→ **Available data**:

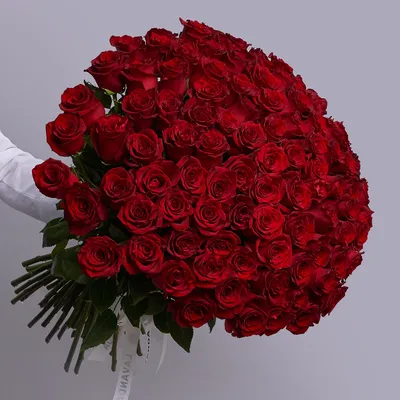 101 красная роза с белым сердцем за 19 190 руб. | Бесплатная доставка  цветов по Москве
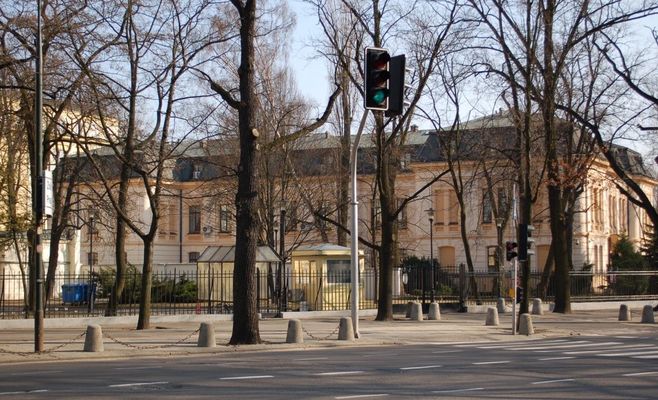 Poland: Police Enter Constitutional Tribunal, Court Chief Suspended, Nawrocki Turns Plane Around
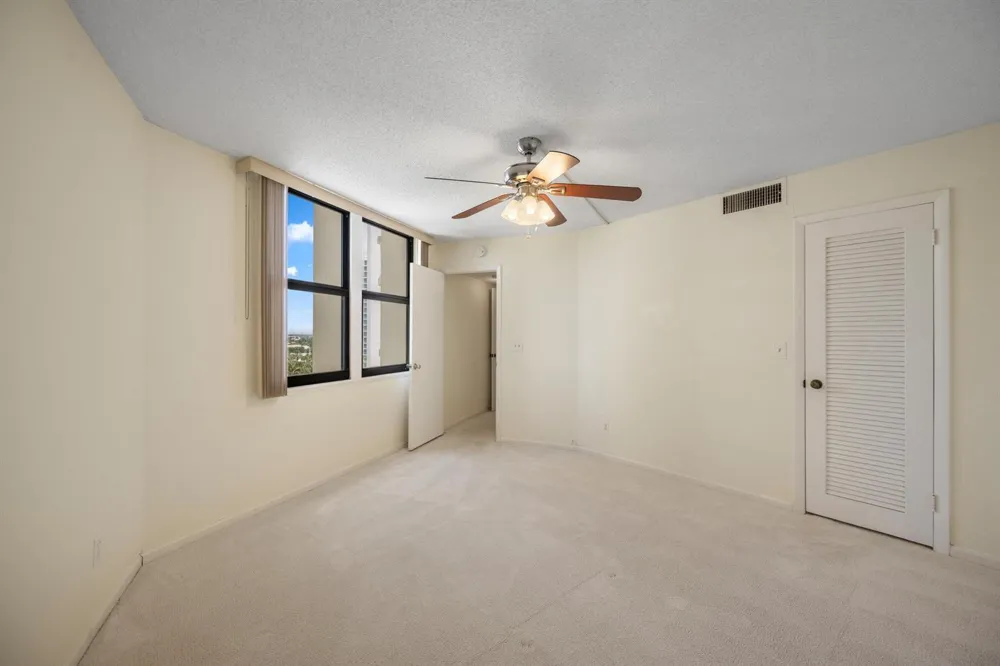 2800 Ocean Drive #A-8B Riviera Beach, FL 33404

→ **Exercise description**:
Retype, word for word, the line containing "Poland: Police Enter" and each line after it through the end of the data, leaving any picture out.

→ **Result**:
 Poland: Police Enter Constitutional Tribunal, Court Chief Suspended, Nawrocki Turns Plane Around
 2800 Ocean Drive #A-8B Riviera Beach, FL 33404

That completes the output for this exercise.